What you will do: Leave out every picture, then transcribe the rest of the listing exactly.

Data section:
◆ ◆ ◆ ◆ ◆
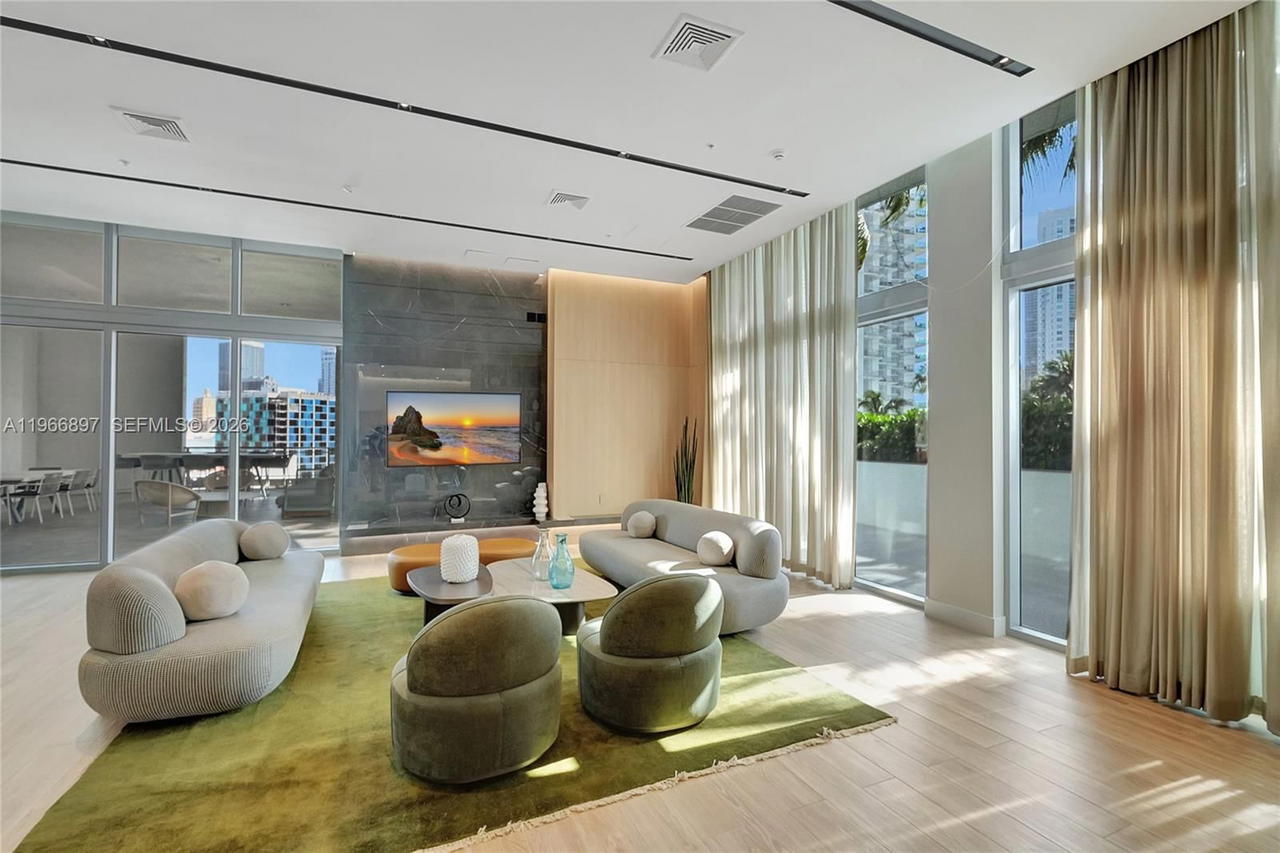 Real estate property located at 90 3rd St #1602, Miami-dade, Ivy Condo, Miami, FL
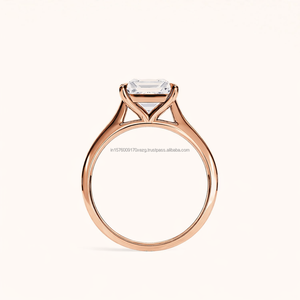 Anillo de Compromiso de Moissanita Contemporáneo en Oferta para Mujer con Inspiración Nupcial Vanguardista Disponible al Mejor Precio - Product Image 3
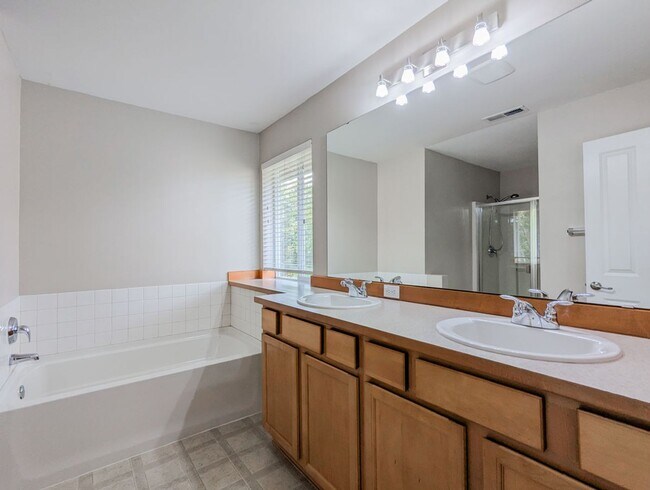 Building Photo - Beautiful 3 bed, 2.5 bath home with fully ...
◆ ◆ ◆ ◆ ◆
Solution to this exercise:
 Real estate property located at 90 3rd St #1602, Miami-dade, Ivy Condo, Miami, FL
 Anillo de Compromiso de Moissanita Contemporáneo en Oferta para Mujer con Inspiración Nupcial Vanguardista Disponible al Mejor Precio - Product Image 3
 Building Photo - Beautiful 3 bed, 2.5 bath home with fully ...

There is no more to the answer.